→ ABOUT THIS EXERCISE:
Give back all of the data, word for word.

→ DATA:
+++

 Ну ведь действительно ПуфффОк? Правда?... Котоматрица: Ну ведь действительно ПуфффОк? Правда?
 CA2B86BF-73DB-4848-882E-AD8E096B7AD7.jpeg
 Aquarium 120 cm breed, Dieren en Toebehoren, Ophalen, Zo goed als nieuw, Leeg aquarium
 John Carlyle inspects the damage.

+++

→ RESPONSE TO THE TASK:
 Ну ведь действительно ПуфффОк? Правда?... Котоматрица: Ну ведь действительно ПуфффОк? Правда?
 CA2B86BF-73DB-4848-882E-AD8E096B7AD7.jpeg
 Aquarium 120 cm breed, Dieren en Toebehoren, Ophalen, Zo goed als nieuw, Leeg aquarium
 John Carlyle inspects the damage.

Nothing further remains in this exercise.